§ EXERCISE DETAILS: Within the records below, find the line with "ACME 72213 Haddie" and the line with "Yuliya Khomchyn", then reproduce exactly those two lines and all lines between them, without any picture.

§ DATA UNDER STUDY:

───

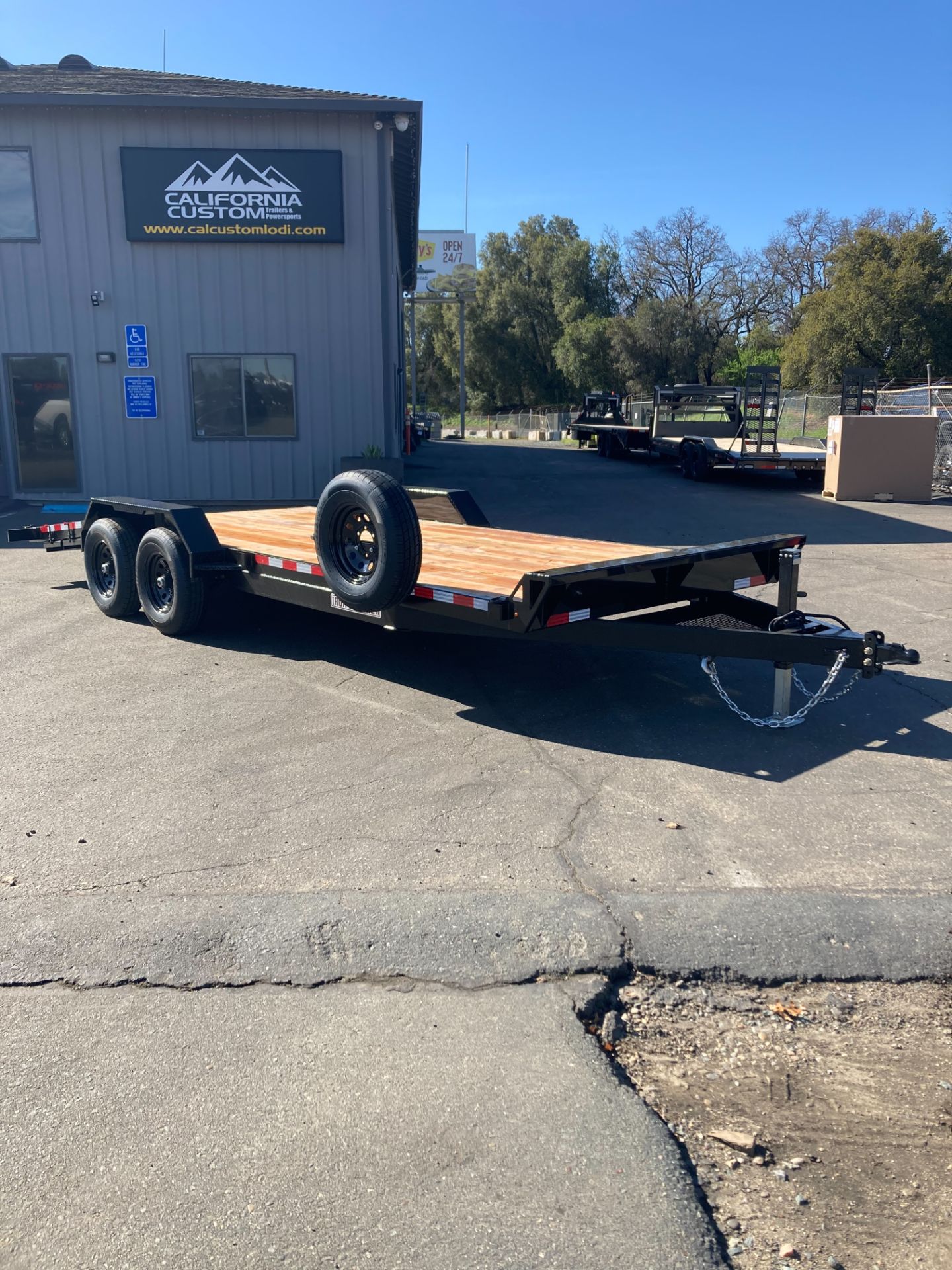 2023 Iron Panther Trailers 7' x 20' 10K DOVETAIL in Acampo, California - Photo 1
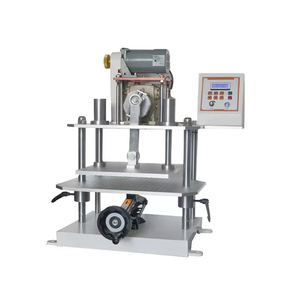 Probador de deformación de espuma plástica y látex, probador de vida útil por compresión repetitiva de esponja, probador de resistencia de caucho - Product Image 1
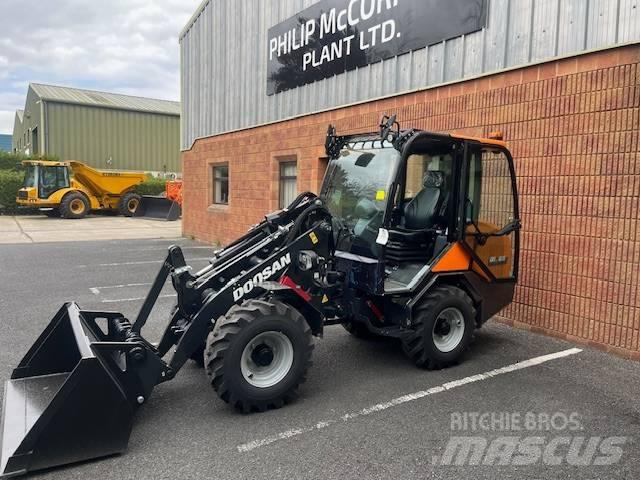 Doosan DL65 Väikelaadurid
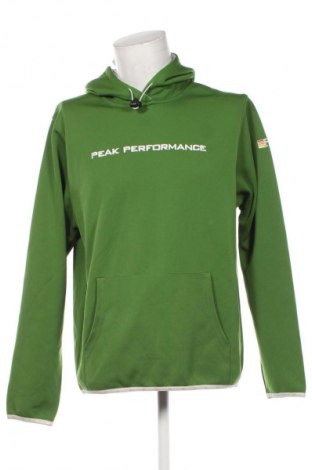 Herren Sweatshirt Peak Performance, Größe XXL, Farbe Grün, Preis € 41,99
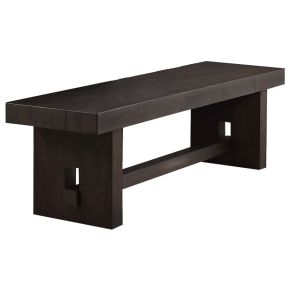 ACME 72213 Haddie - Bench - Distressed Walnut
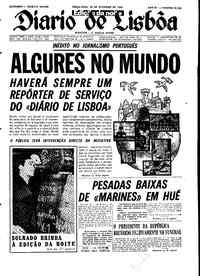 Terça, 20 de Fevereiro de 1968 (3ª edição)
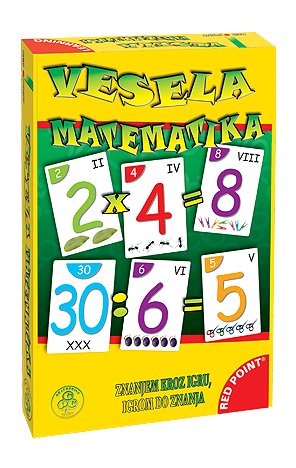Društvena igra Vesela matematika
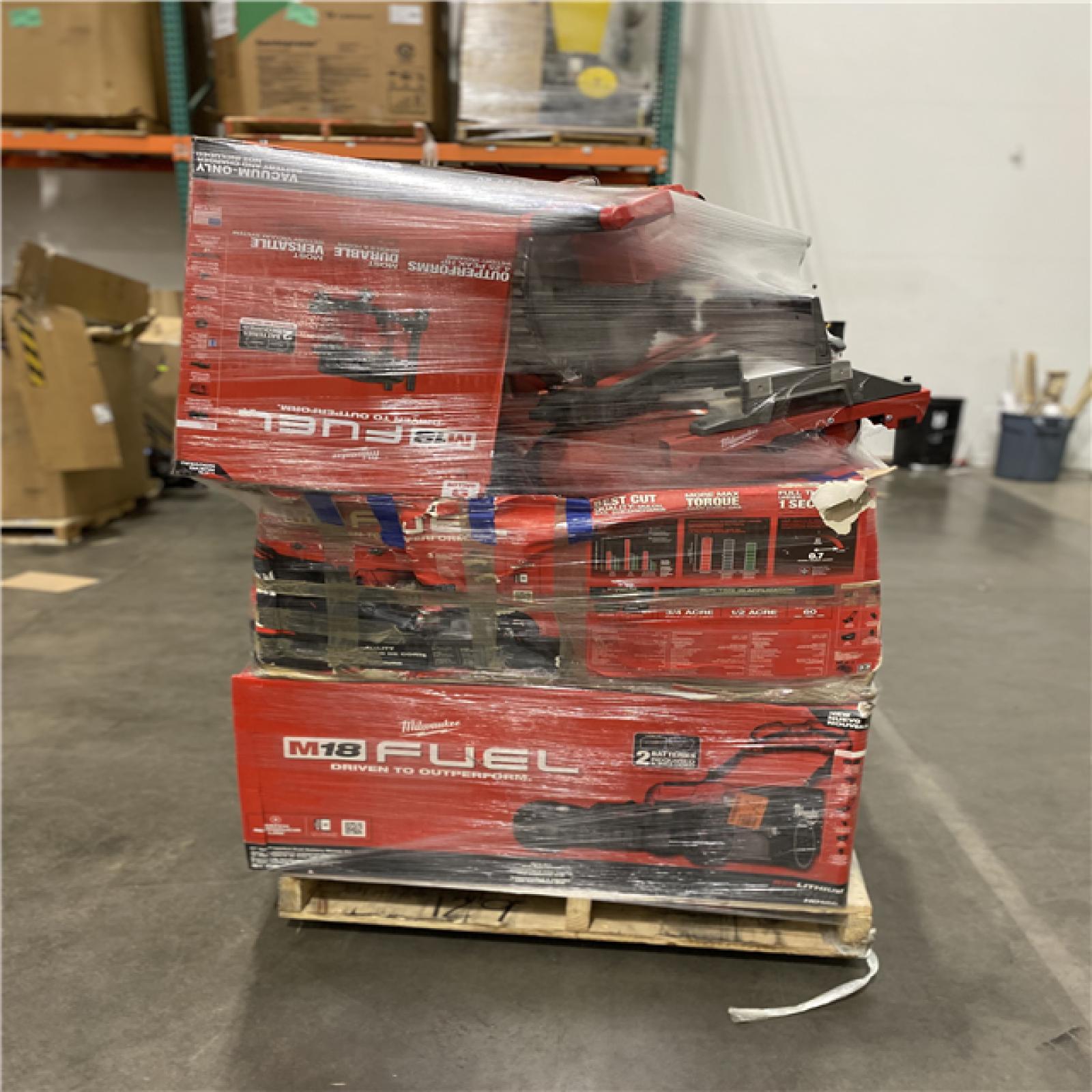 Dallas Location - As-Is Tool Pallet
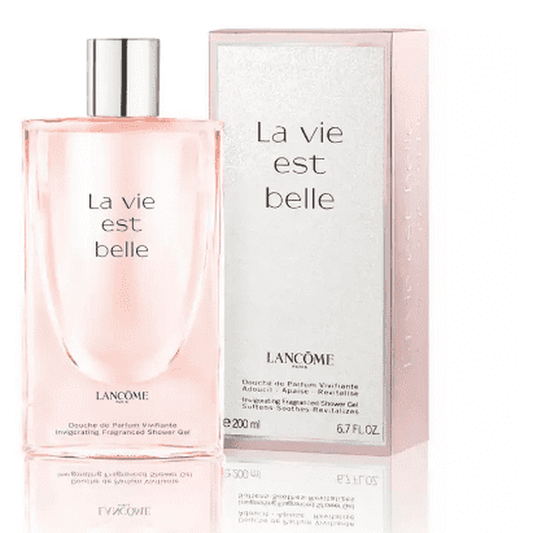 Lancôme La Vie est Belle Revitalising Shower Gel 200ml freeshipping - Mylook.ie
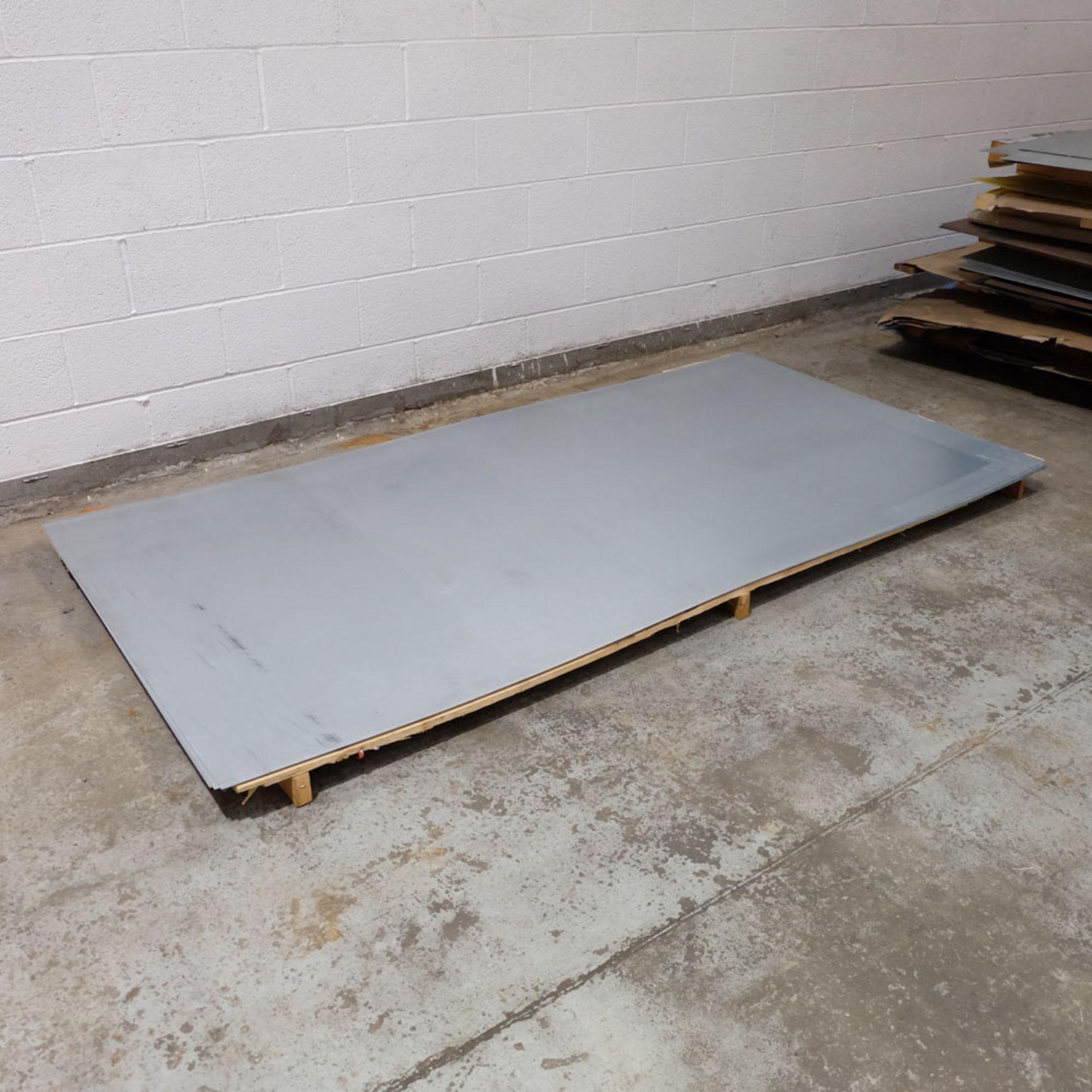 6 x Galvanised Steel Sheets. Approx 2500mm x 1250mm x 1mm Thickness. - Image 2 of 4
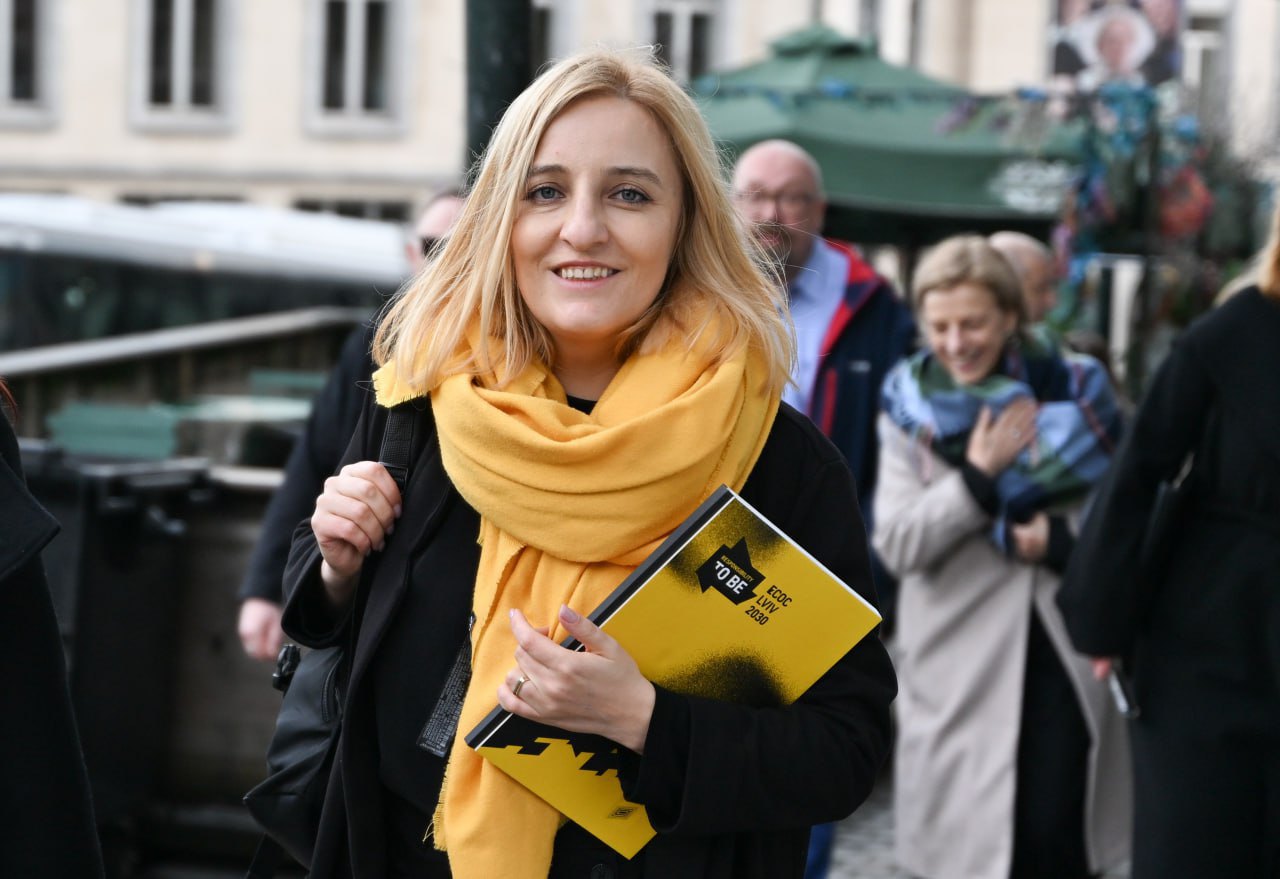 Yuliya Khomchyn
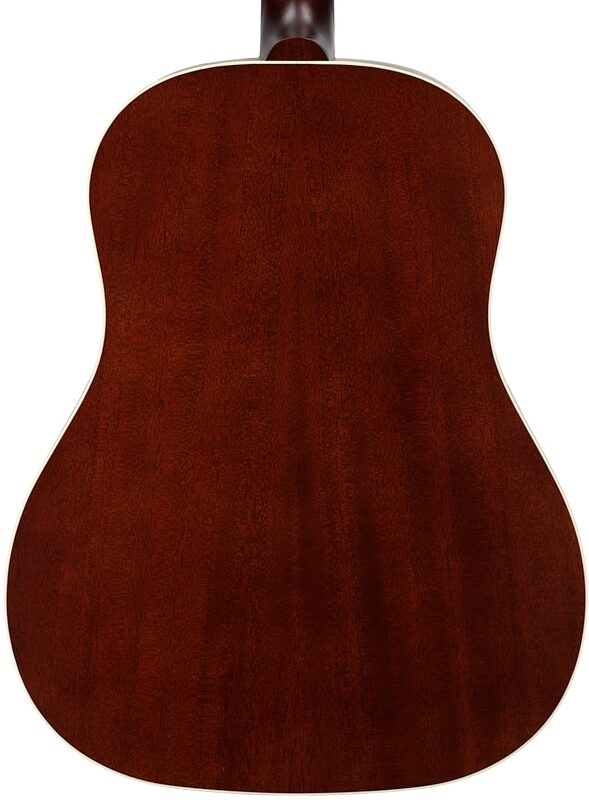 open zoom image for Gibson J-45 Special Satin Acoustic-Electric Guitar (with Gig Bag), Natural, Body Straight Back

───

§ ANSWER:
 ACME 72213 Haddie - Bench - Distressed Walnut
 Terça, 20 de Fevereiro de 1968 (3ª edição)
Društvena igra Vesela matematika
 Dallas Location - As-Is Tool Pallet
 Lancôme La Vie est Belle Revitalising Shower Gel 200ml freeshipping - Mylook.ie
 6 x Galvanised Steel Sheets. Approx 2500mm x 1250mm x 1mm Thickness. - Image 2 of 4
 Yuliya Khomchyn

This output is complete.